Shire urged to rethink Urban Futures Strategy

Part of the map of land supply in Winchelsea in the Surf Coast Shire’s draft Urban Futures Strategy. Image: SURF COAST SHIRE
A DEVELOPER is urging the Surf Coast Shire to rethink its proposed Urban Futures Strategy (UFS), arguing growth across the shire will be constrained too tightly and will result in the municipality falling thousands of homes short of the Victorian government’s housing targets.
Councillors held a hearing of submissions meeting about the UFS on Tuesday last week.
When finished, the UFS will establish a policy framework to guide sustainable urban growth within the shire and guide future land use planning at the township and precinct level.
Its key directions include strategically identified locations for infill development within the protected settlement boundary of Torquay and Jan Juc, planning for the majority of longer-term urban growth to be accommodated in Winchelsea, and ensuring urban development occurs within designated settlement boundaries and discouraging proposals outside of the locations identified in the UFS.
Under the Victorian government’s target, announced in June 2024, the shire must build an extra 7,800 homes by 2051.
Speaking about his company’s submission, Gareth Bellchambers from Ample said the developers supported the Distinctive Areas and Landscape process for Torquay and Jan Juc, but this meant the entire shire now only had one growth front – Winchelsea – and this was not enough.
He said there were 1,700 lots across the shire’s eight townships, and another 3,000 in Winchelsea, and the total of 4,700 was “not even half of what we need, and the lion’s share of them are not affordable”.
“Infill development is not commercially viable, unfortunately. We’d like it to be, but it’s not – even if it was, it’s totally unaffordable to the people who needed it the most.
“The end of supply is in sight.”
He said there were, as of his presentation, only 626 lots in Winchelsea and 26 in Deans Marsh to cater for the estimated 11,500 people in the shire aged 19 or under who would be looking for a home over the next 25 years.
“By the time the UFS is approved and housing under it is brought to the market, 3,000 to 4,000 of our own [children] will have been forced into the housing market and there’ll be nothing there for them.”

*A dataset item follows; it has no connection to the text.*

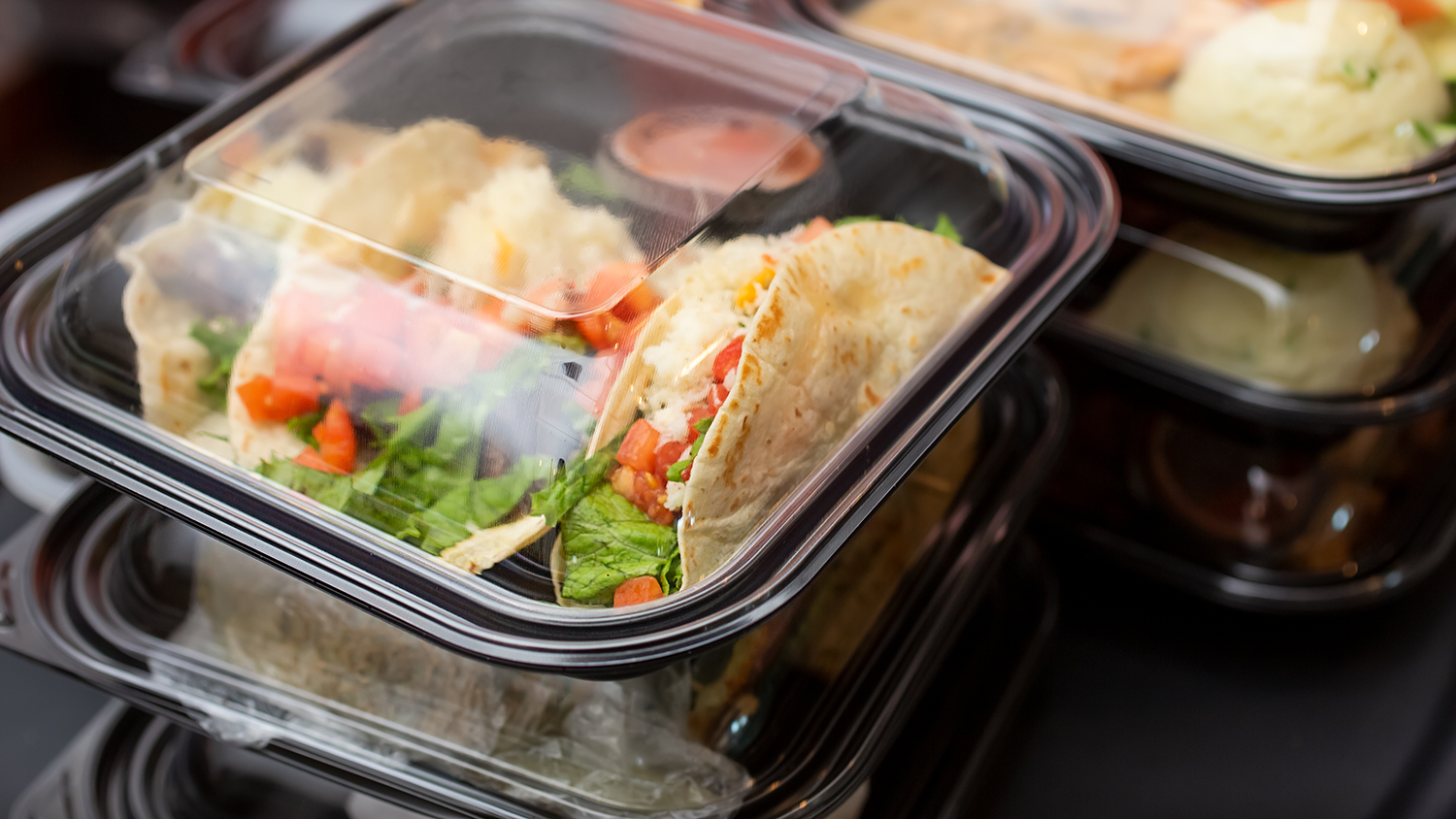How to Reduce Your Restaurant’s Carbon Footprint with Plant-Based Plastics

Ample is asking the shire to modify the UFS to designate land near Buckley as a Future Investigation Area to allow its not-for-profit “Buckley Village” development, which Mr Bellchambers said would provide “several thousand homes that will be affordable”.
“The historic thinking that got us into this housing crisis is not the thinking that will get us out of it,” he said.
The public exhibition period drew 54 submissions, with 19 of the 34 individual submitters being residents and landowners in Winchelsea, or those with an interest in the town.
The shire will adopt the final UFS by the middle of this year.